Stop Saying Maverick! (And Other Palindrones)

Well, I didn’t watch the Canadian English leader’s debate. Why should I? We all know what would happen. The four least power-crazy candidates would (predictably and understandably) gang up on the blue-eyed Devil Child, Stephen Harper, and end up making him look more Presidential in the process. Notice that I did not say “Prime Ministerial”. Harper runs his government as if he were a neocon American President, not a populist PM responsive to the entire Parliament.

No, instead I watched the ridiculous display that was the American VP debate. Before, I get into it, here’s one prediction of how it would go down:

Well, what can I say? How sad is it that in what is supposed to be an open job interview for the chair next to the most powerful position in the history of humanity, one can declare success if one has simply failed to make a bleeding idiot out of oneself? Imagine if you went into a job interview and you just barely avoided an intellectual meltdown; would you expect to get the job? Yet this is how the spinners are portraying Sarah Palin’s performance.

This is what Sarah Palin represents: the final absolute lowering of expectations.

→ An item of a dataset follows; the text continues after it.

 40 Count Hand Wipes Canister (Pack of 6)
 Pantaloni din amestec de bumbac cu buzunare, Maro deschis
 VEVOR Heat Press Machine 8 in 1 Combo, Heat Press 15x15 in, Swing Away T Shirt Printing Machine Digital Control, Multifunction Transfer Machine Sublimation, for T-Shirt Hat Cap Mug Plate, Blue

In Canada, we (thank Zod!) still have a sense of wanting to be led by men and women who are better than we are: more eloquent, more learned, stronger, bolder, more robust and certainly more experienced in matters of import. In general, we don’t care if our leader shops at our stores or if his kids play hockey with our kids. What we most care about is that he (or she) is the best our society can produce. I think it’s fair to say that most nations view their leaders the same way.

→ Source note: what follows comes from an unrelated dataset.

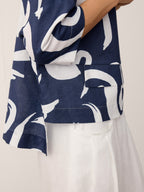 Linen Layered Asymmetric Top NOREEN (online only)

Yet that is most certainly not the case in the USA. Joe Biden clearly had to hold himself back from outshining Palin, lest he be perceived as being too mean on the “little lady”. She, on the other hand, peppered her delivery with so much awful, folksy pablum that I actually spat out my coffee at several moments. “Doggone it”? “Joe Six Pack”? Sending a “shout out” to her peeps? Winking at the camera? Is “also” the Alaskan equivalent of “eh” or “uh”? And how many times did she refer to herself and John McCain as “mavericks”? Fifty? A hundred? All so bloody sickening.

A lot of her defenders are claiming that she isn’t dumb, she’s just inexperienced. Well, I’m sorry. The definition of “dumb” has clearly been changed since I first learned it. There are lowered expectations all around, it seems. This woman is governor of an American state, and possibly two steps away from being the freaking President of the United States of America. For people who have her ambition and pedigree, we apply a more stringent definition of “dumb”.

If she were one of my undergrad students, I’d give her a C+ for her demonstrated understanding of issues. The “+” is because I’m known to be generous. She clearly doesn’t understand economics. (Neither does McCain, for that matter.) She doesn’t seem to know the names of the Generals she keeps quoting. I don’t recall a single time she actually spoke in a full sentence, or for that matter answered a question directly.

But the biggest, scariest moment for me was when she professed to agree with Dick Cheney, that the Vice President is more a part of the legislative body than the executive body. Luckily, Biden slapped her down hard on that one. The last thing America –and the rest of us– needs is another Vice President eager to exert power beyond his or her tiny mandate.

Republican Kathleen Parker has a nice post mortem on the debate, aptly titled “She Won Fersure, Also.” And Guardian writer Oliver Burkeman live-blogged the debate with some hilarity here.

But by far the funniest –and saddest– post-debate moment is Faux News’ attempt at questioning a “focus group”. Watch carefully. This is no focus group. It’s a bunch of paid (poor) actors who’ve been poached from an infomercial!

And my grade 9 English teacher, Harold Lass, sends us this:

So who won? Does it matter? I’ll say this: of the four candidates involved in the current struggle for the White House, it’s clear to me that Joe Biden is the most Presidential, and Sarah Palin is the least.